Early life and education

He was born in Salem, Massachusetts to the Rev. Charles Francis Rice and Miriam Owen Jacobs. He was named for his maternal grandfather, Dr. Horace Jacobs. His siblings included lawyer, William Chauncey Rice and librarian, Paul North Rice.

He attended Wesleyan University, where he was a member of the Eclectic Society, and earned a Bachelor of Science degree in 1905. He earned an LLB from Harvard University in 1908, and an LLD from Western New England College in 1955.[1]

Career

He practiced law in Springfield, Massachusetts from 1908-1959. During this time, he lived in Wilbraham, Massachusetts.

He was the Associate Dean of the Northeastern University School of Law in charge of the Springfield division from 1918-1942, and the Dean of the College of Western New England School of Law from 1951-1955 after its split from Northeastern.[2] He was a trustee of Springfield Northeastern from 1951-1959. He was the Secretary of the Springfield City Evangelistic Union of the Methodist Episcopal Church.

Family life

He married Mildred Ethel Ketchum (1886-1958) of Springfield on September 10, 1914. She was the daughter of Stephen Cummings Ketchum and Melvina Blodgett Ketchum. She was a teacher, and a founder of the Springfield Garden Club in 1917.[3] Their children were Mary Prescott Rice (Boyer) (1915-2002), William Owen Rice (1917-1945), and Laura North Rice (1920-2004).

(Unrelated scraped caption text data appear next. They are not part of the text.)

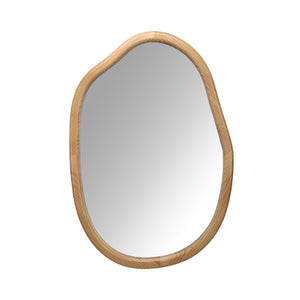 English Elm Irregular Asymmetrical Wall Mirror 32x22 Antique Natural Wood Frame Wavy Accent for Bright Modern Spaces W2295P290654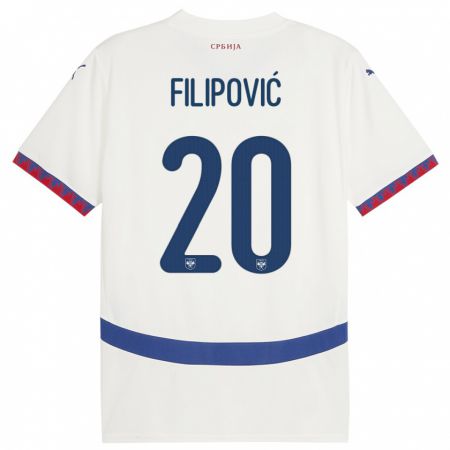 Kandiny Niño Camiseta Serbia Tijana Filipovic #20 Blanco 2ª Equipación 24-26 La Camisa Chile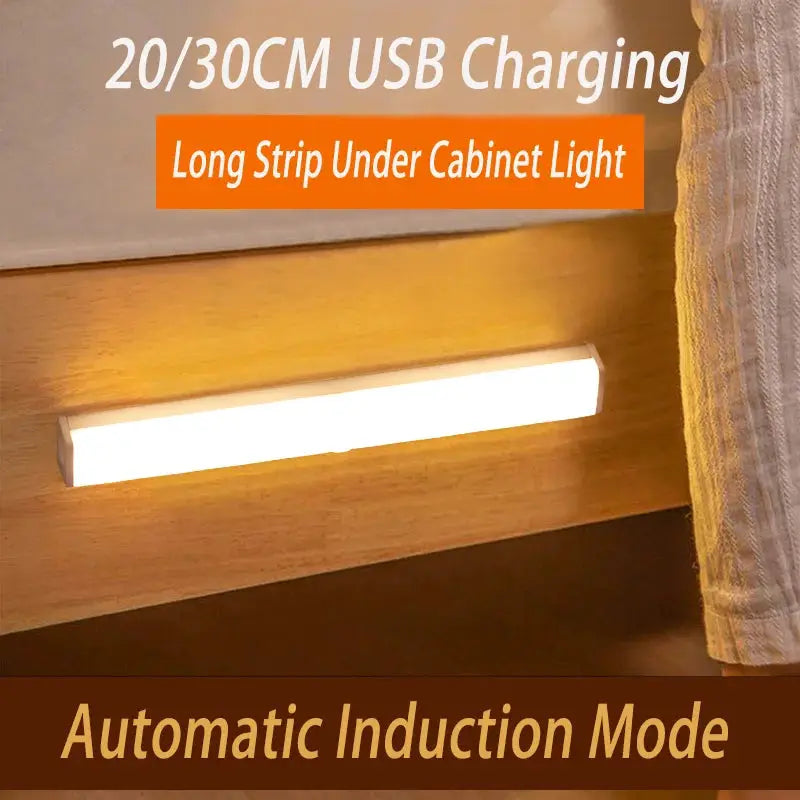 LED motion sensor under-cabinet light by Simples Market, warm white USB charging strip 20/30 cm, auto mode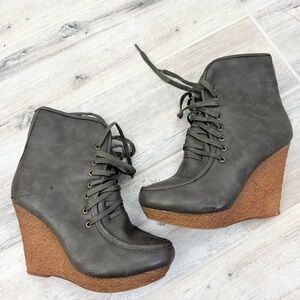 Diva Lounge Grey Faux Leather Wedge Boots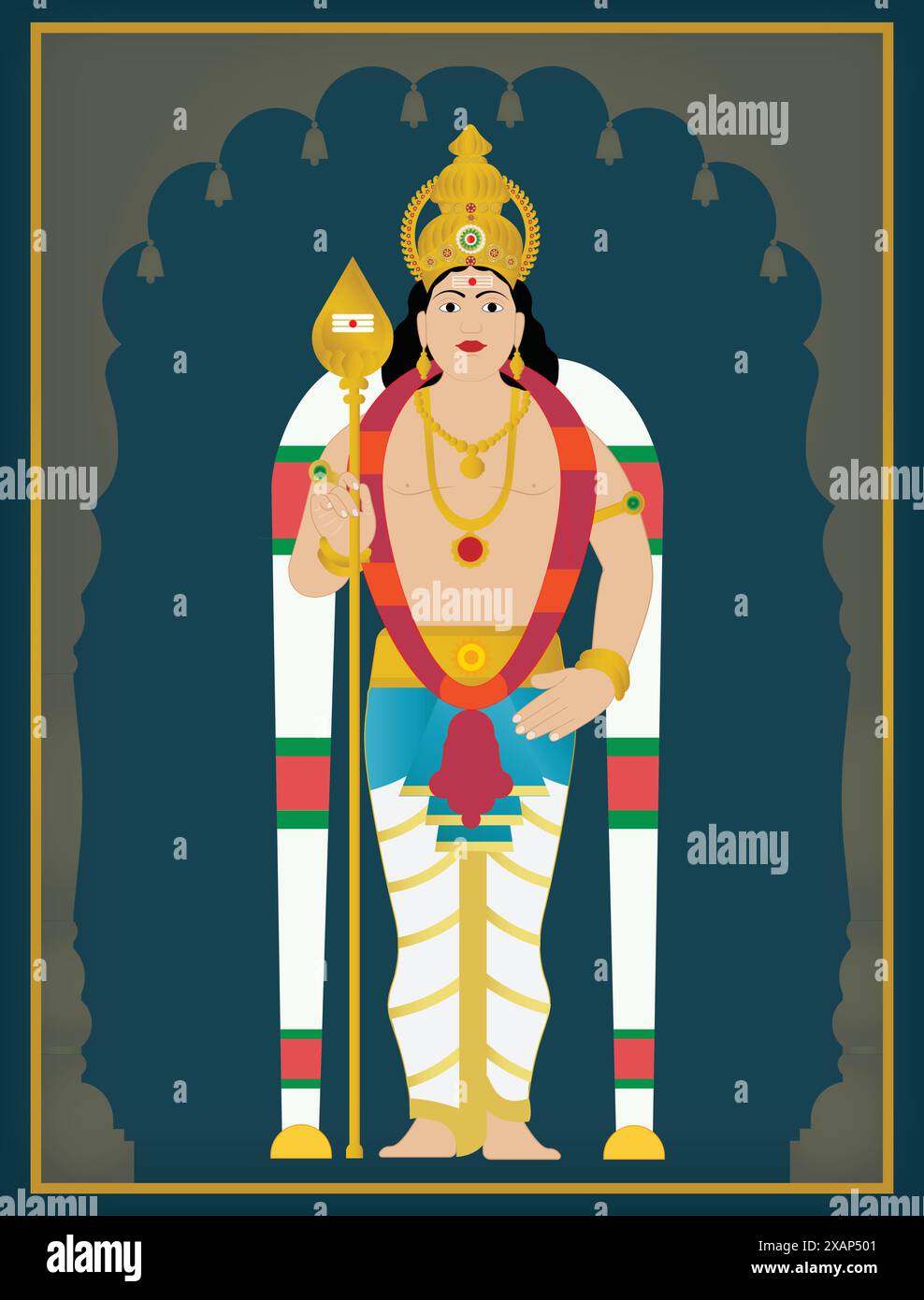 Vector illustration of Hindu God Murugan Skanda Kartikeya Subrahmanya Stock Vector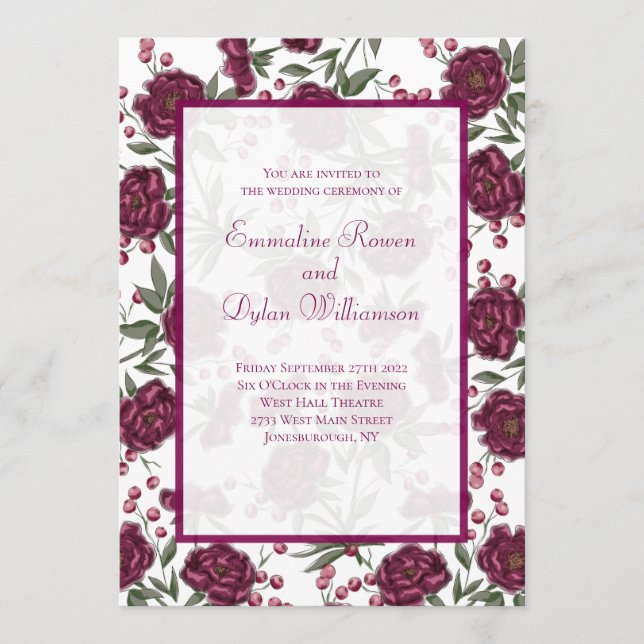 Convites Maroon Rose Wedding (Frente)
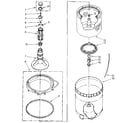 Kenmore 11082993700 agitator, basket and tub diagram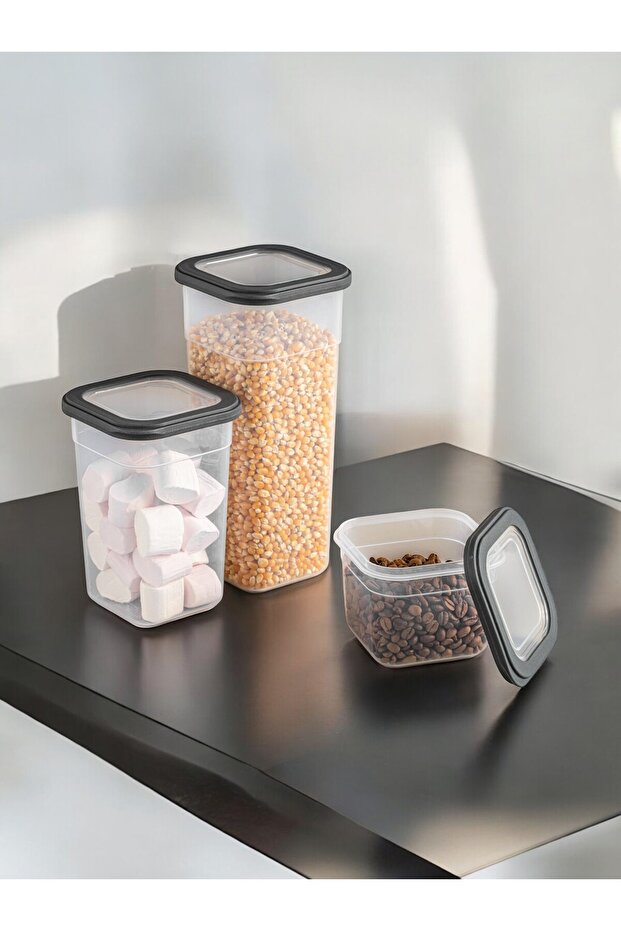 Set of 3 Multi-Purpose Square Food and Pulses Storage Container Detergent Box 1X680 1X1250 1X1850 ml - 2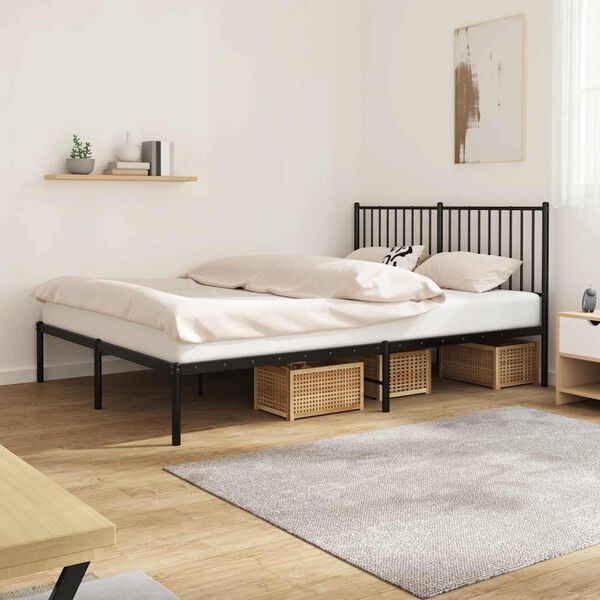 vidaXL Bed Frame Black Powder-Coated Steel Double Bed Frame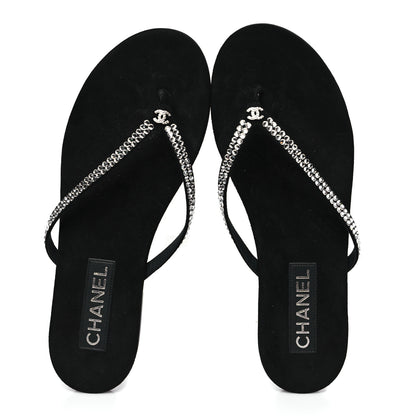 Chanel Suede Kidskin Strass CC Thong Sandals 40 Black 2 of 9
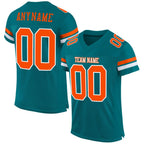 Custom Teal Orange-White Mesh Authentic Football Jersey photo 1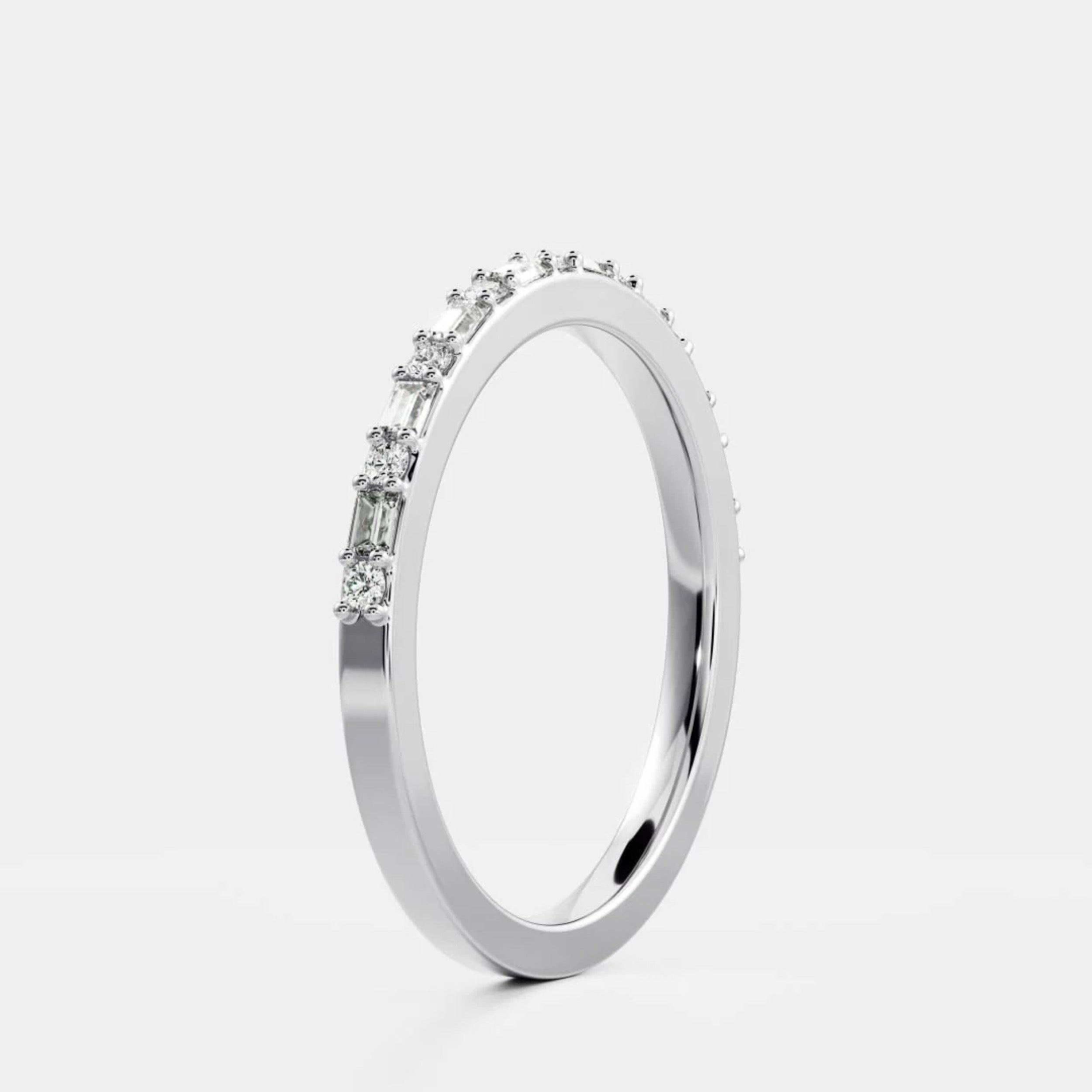 0.4 TCW Baguette & Round Lab Grown Diamond Half Eternity Wedding Band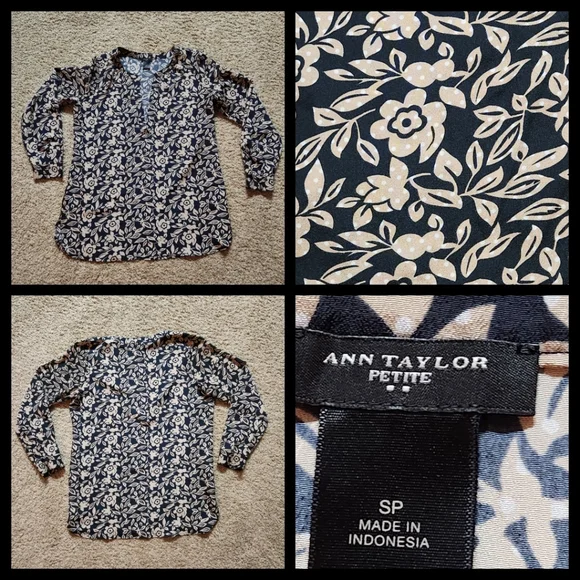 Ann Taylor petite v-neck floral blouse Size SP Colors black tan and white - Picture 1 of 13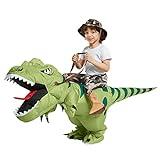 SUEVAS - Disfraz de dinosaurio inflable divertido Dino a caballo, traje de senderismo, vestido de Halloween para fiestas de Halloween, cumpleaños, Cosplay unisex (Dinosaurios 100-125 CM)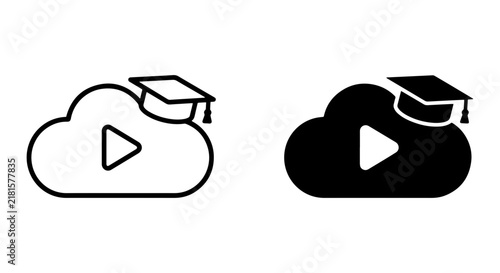 Cloud Education Icons, Online Learning Play Button, Graduation Cap Vector Set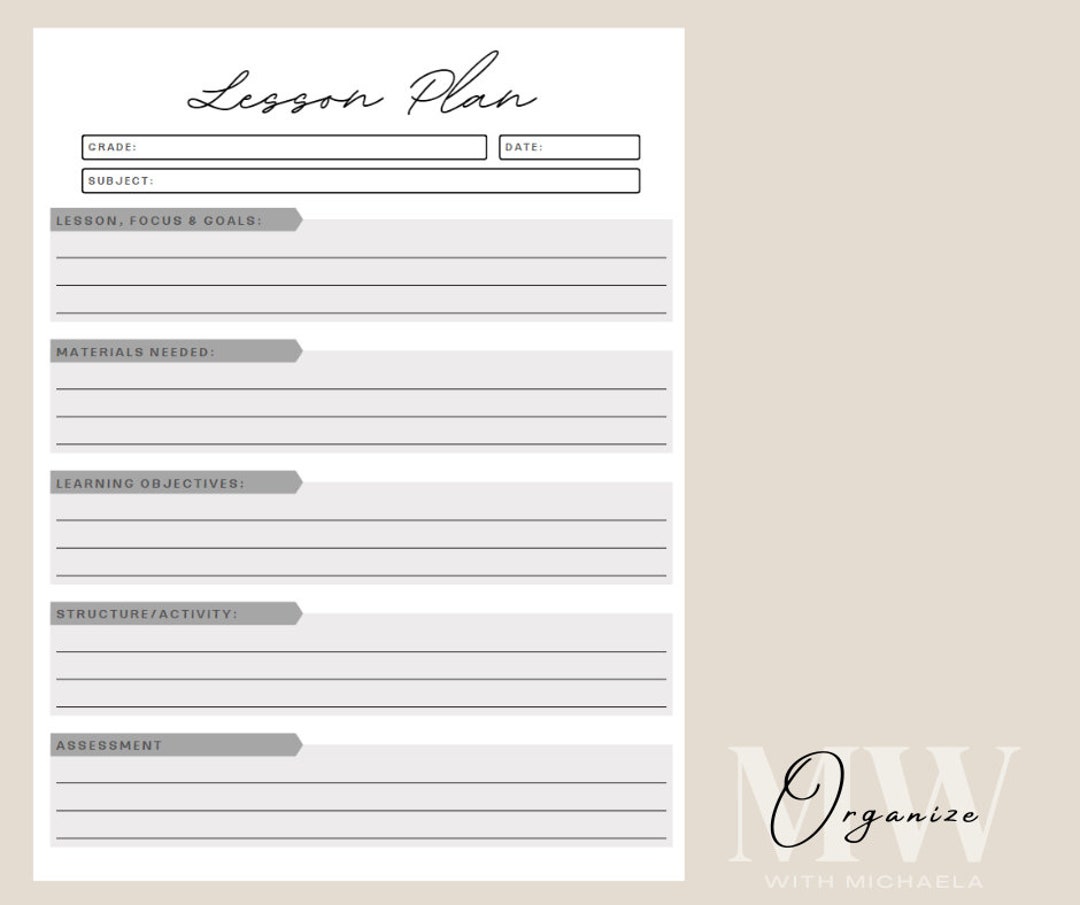 Lesson Plan digital Download - Etsy
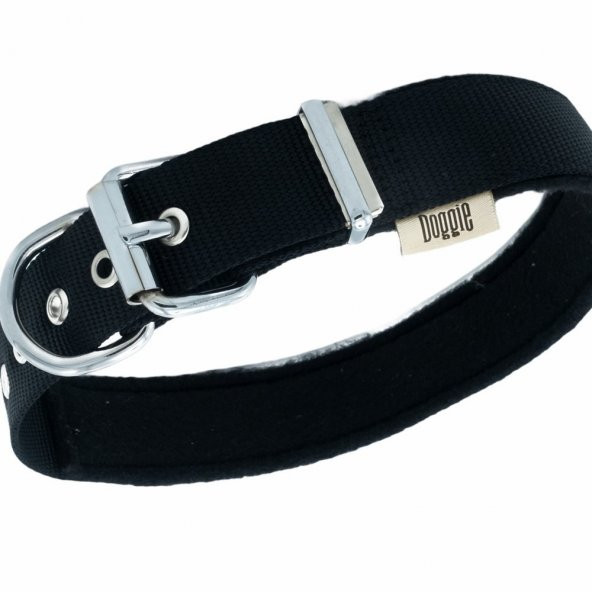 Doggie Polar Dokumadan El Yapımı Köpek Boyun Tasması 3x47-55cm Siyah - 2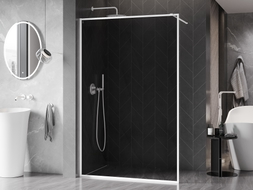 Mexen Kioto-XF Duschwand Walk-in mit Rahmen 140 x 202 cm, Graphit 10 mm, weiß - 800-140-104-20-40-X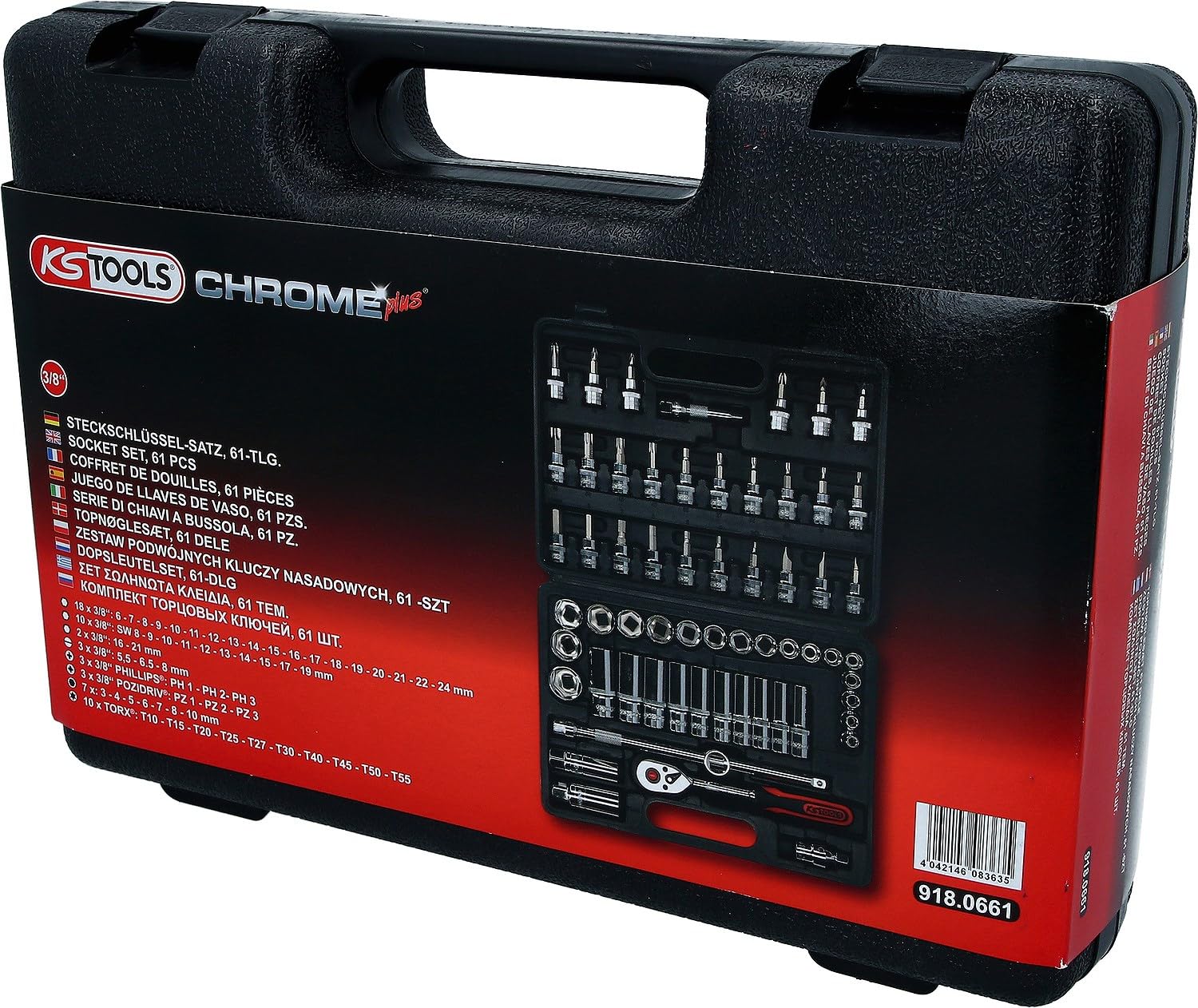 KS Tools 918.0661 3/8" Juego de llaves de vaso CHROMEplus 61 pzs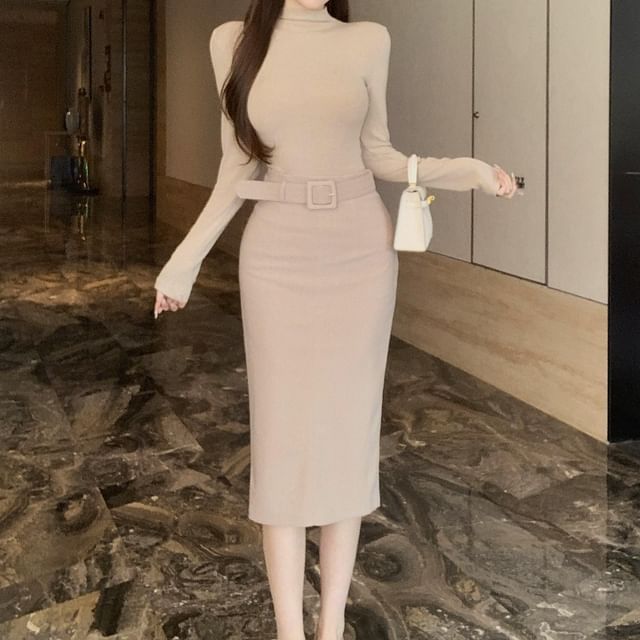 Mock Neck Tee and Belted Pencil Skirt Set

Mary Rice Boyer attended Bennington College, the Graduate Teachers College, and the University of Chicago. She helped to found Women Strike for Peace. She married professor Donald A. Boyer and had two children. William Owen Rice served in the 539th Engineer Light Pontoon Company in World War II, and died on May 24th, 1945. He is buried in the Netherlands American Cemetery. Laura North Rice was a notable academic, and a pioneer in the field of psychology.

Horace's wife Mildred died in 1958. Later in life, he lived in Winnetka, IL with his daughter.

He is buried with his wife and other family members in the Springfield Cemetery.[4]

Genealogy

Horace Jacobs Rice was a direct descendant of Edmund Rice, an English immigrant to Massachusetts Bay Colony, as follows:[5][6]

  • Horace Jacobs Rice, son of
  • William Rice (1788–1863), son of
  • Nathan Rice (1760–1838), son of
  • John Rice (1704–1771), son of
  • Ephraim Rice (1665–1732), son of
  • Thomas Rice (1625–1681), son of

References

  1. ^ Alumni Record of Wesleyan University. Wesleyan University. 1961.
  2. ^ Alumni Record of Wesleyan University. Wesleyan University. 1961.
  3. ^ Robbins, Carolyn. "Springfield Garden Club celebrates centennial with a tour of Forest Park neighborhood's horticultural beauties".
  4. ^ "Horace Jacobs Rice". Find A Grave.
  5. ^ Edmund Rice (1638) Association, 2007. Descendants of Edmund Rice: The First Nine Generations.
  6. ^ "Edmund Rice descendants: First six generations". Edmund Rice (1638) Association, Inc. Retrieved September 27, 2009.